Outras modalidades de crédito também tiveram variação

Os juros do cheque especial, do cartão de crédito e de outras modalidades tiveram queda significante no mês de abril. Foi o que o Banco Central divulgou na última semana. O do cheque especial caiu de 130,5% ao ano em março, para 119% ao ano em abril, a taxa era de 275,2% em abril do ano passado. 

Já o juro médio do rotativo do cartão de crédito caiu de 327,1% ao ano, para 313,4%, de março para o mês passado. Em abril do ano passado o juro estava em 298,7%.

Mas não foram todos os juros que tiveram queda, o de compra de veículos, por exemplo, aumentou de 19,8% para 20,4%. Na tabela é possível ver o comparativo de outras modalidades divulgadas pelo Banco Central:

Modalidade de crédito

Março

Abril

Cheque Especial

130,5%

119%

Rotativo do cartão de crédito

327,1%

313,4%

Cartão de crédito parcelado

187,1%

148,6%

Crédito pessoal não-consignado

94,7%

86,4%

Crédito pessoal consignado

21%

20,1%

Compra de veículos

19,8%

20,4%

Financiamento imobiliário

7,2%

7,2%

Especialistas preveem que mesmo com a queda dos juros, os brasileiros podem ter dificuldades para fazer um empréstimo ou adquirir a casa própria.

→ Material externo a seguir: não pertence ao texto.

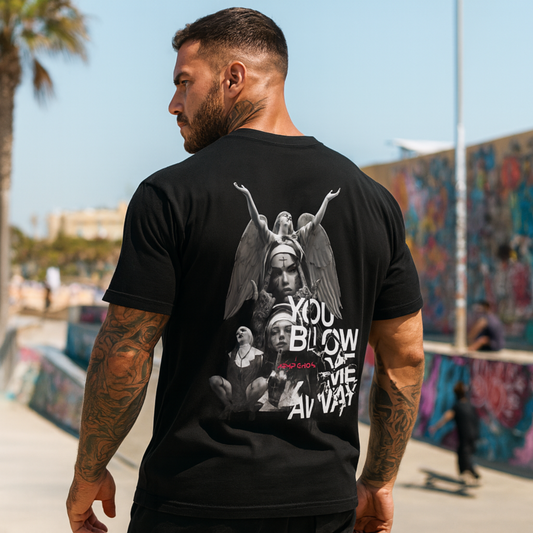 You Blow Me Away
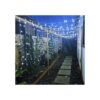 Luces LED de cortina de hadas con control remoto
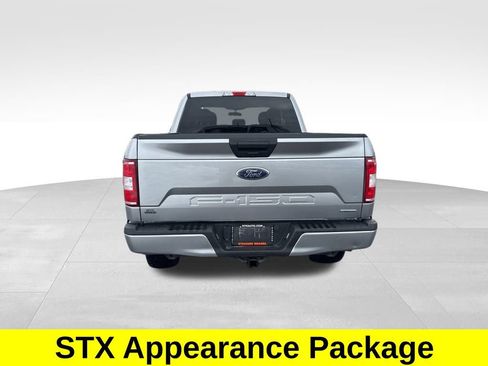 Certified 2020 Ford F150 XL w/ Equipment Group 101A Mid image 4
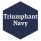 Triumphant Navy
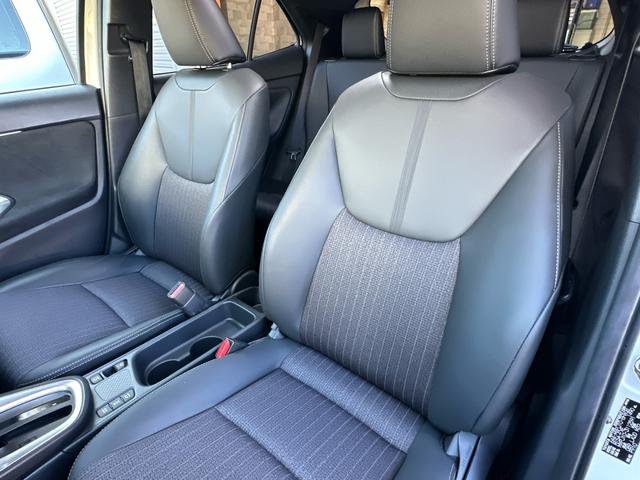 ヤリスクロス ハイブリッドZ 1.5 ハイブリッド Z LEDヘッド バックカメラ レーダークルーズコントロール ディスプレイオーディオ パワーシ-ト シートヒーター ハンドルヒーター ドライブレコーダー ETC(17枚目)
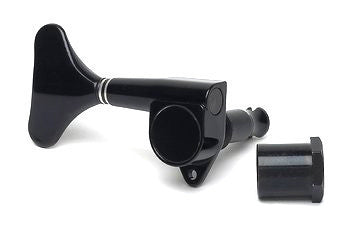 Allparts TK-0794 Single Economy Sealed Bass Key, Treble Side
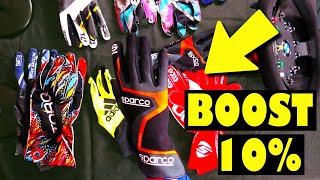 I Wish I Knew THIS About Sim Racing Gloves!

Isso porque, com a pandemia do novo coronavírus, o número de inadimplentes aumentou. Sendo assim, os bancos, temendo o não pagamento, estão mais rigorosos com as regras de concessão de empréstimos. 

É aconselhável também evitar qualquer empréstimo diante da instabilidade econômica que o país vive. Por mais que os juros do cheque especial e cartão de crédito tenham diminuído, eles ainda são os maiores do mercado e qualquer descuido pode gerar uma dívida imensa.

Limites para cheque especial e cartão

O Senado tem um projeto que limita as taxas de juros para cartões de crédito e cheque especial, o PL 1.166/2020. O objetivo é estabelecer um teto de 20% ao ano para as dívidas contraídas nessas modalidades de crédito entre março de 2020 e julho de 2021 a fim de amenizar os impactos da crise econômica causada pelo coronavírus. O Banco Central faria a regulamentação e a fiscalização dos limites definidos na proposta. 

A sessão estava prevista para o dia 14 de maio, contudo, foi adiada sem data definida ainda. O senador Lasier Matins (Podemos-RS), relator do projeto, considera o projeto urgente e emergencial para proteger os mais afetados pela crise.